Em 15 de Março, dia em que Holden Roberto, líder da UPNA – União dos Povos do Norte de Angola/UPA – União dos Povos de Angola, depois FNLA, iria discursar na ONU, numerosas fazendas de produtores de café – civis – no Norte de Angola são atacadas por populares – civis – enquadrados pela UPA. Apesar de mal armados, conseguem neutralizar na maioria dos casos a resistência dos atacados, que são mortos, num total que nunca foi estabelecido com certeza, mas que segundo algumas das fontes mencionadas por Valentim Alexandre terá atingido cerca de 800 brancos e também numerosos trabalhadores bailundos (não eram do Norte de Angola …) verificando-se também a ocorrência de agressões sexuais. Lembro-me de Venâncio Deslandes, mais tarde Governador-Geral, ter falado a um jornal de “raparigas estudantas (sic) que estavam a passar férias com a família, violadas e os seios cortados(v). Em Portugal (e noutros países “ocidentais” que se apressaram a cortar fundos aos refugiados palestinianos), as tentativas mal-sucedidas de colonização deixaram reminiscências na memória colectiva e não me admiraria que Mariana Mortágua venha a tomar consciência disso.

As circunstâncias são diferentes das actuais na Palestina mas pelo menos Portugal veio a medir o sucesso dos seus esforços de reposição da ordem pela “apresentação” de populações às suas tropas. A PIDE matou gente envolvida no 4 de fevereiro, mas veja-se a Informação nº 27/61 – S.R, de 12 de Abril de 1961, de Aníbal São José Lopes sobre a prisão do Cónego Manuel das Neves, vigário-geral da arquidiocese de Luanda, reproduzida por Silveira Lopes:

Há quem exprima a opinião de que a prisão  do Cónego foi um “acto impolítico”, porquanto só se deveria ter neutralizado a sua acção, uma vez que, dada a ordem dos acontecimentos, o Cónego MANUEL DAS NEVES seria um dos meios de contacto com a U.P.A. a fim de “se poder chegar a um acordo”.

Contudo Manuel das Neves, deportado para Lisboa e que acabaria por falecer em Portugal, teria, segundo Silveira Lopes, sido apologista de que o levantamento que veio a ter lugar em 15 de Março de 1961 fosse uma forma inequívoca de exigência da independência. Terá pressentido os contornos que veio a assumir? A pergunta é aqui paralela à que se pode formular em relação à espectacular acção do Hamas em 7 de Outubro de 2023.

Que isto não é um terreno em que direita e esquerda se devessem confundir mostra a disposição de Spínola, voluntário em Angola quando os acontecimentos rebentaram, para quando Presidente da República em 1974, se relacionar prioritariamente com a FNLA e o envolvimento de um conjunto de mercenários portugueses da sua área política para acompanhar a marcha sobre Luanda das tropas zairenses e da FNLA quando a independência foi finalmente declarada em 1975.
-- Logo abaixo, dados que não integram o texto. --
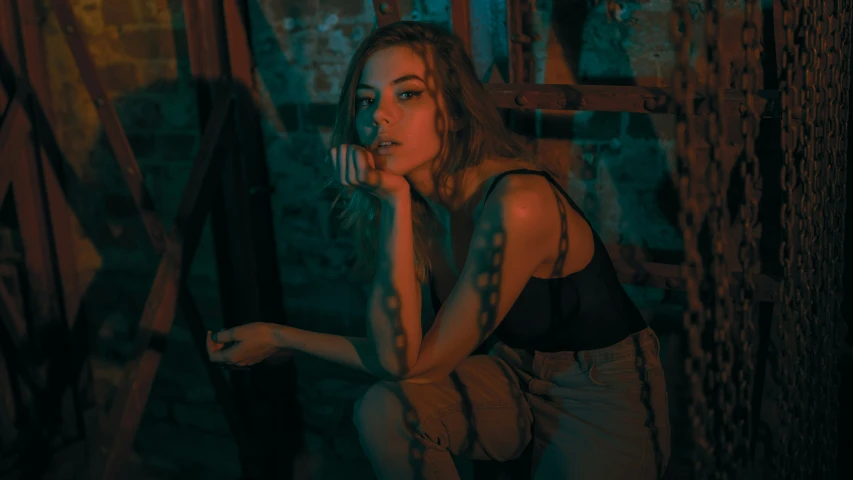 a woman holding onto a piece of furniture in an abandoned building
Alerta a Mariana Mortágua: o Hamas não é de esquerda.

 

Notas

(i) O que Franco Nogueira critica no seu Salazar Vol IV, pag. 73, por serem “simples republicas federadas da União” e não “Estados independentes e soberanos.”

(ii) Sobre este autor ler o meu artigo “De Attaturk a Erdogan”, publicado em 14 de Junho de 2023.

(iii) Designadamente a Arábia Saudita, que, anote-se, havia anunciado também a designação de representantes permanentes junto da Autoridade Palestiniana.

(iv) De natureza não completamente elucidada nos relatos. Oito anos depois alguém me referiu que durante o funeral estavam “uns pretos sentados no muro do cemitério, a rir”.

(v) E houve casos de tomada de reféns, pelo menos durante o percurso  em que os atacantes retiravam para o actual Zaire.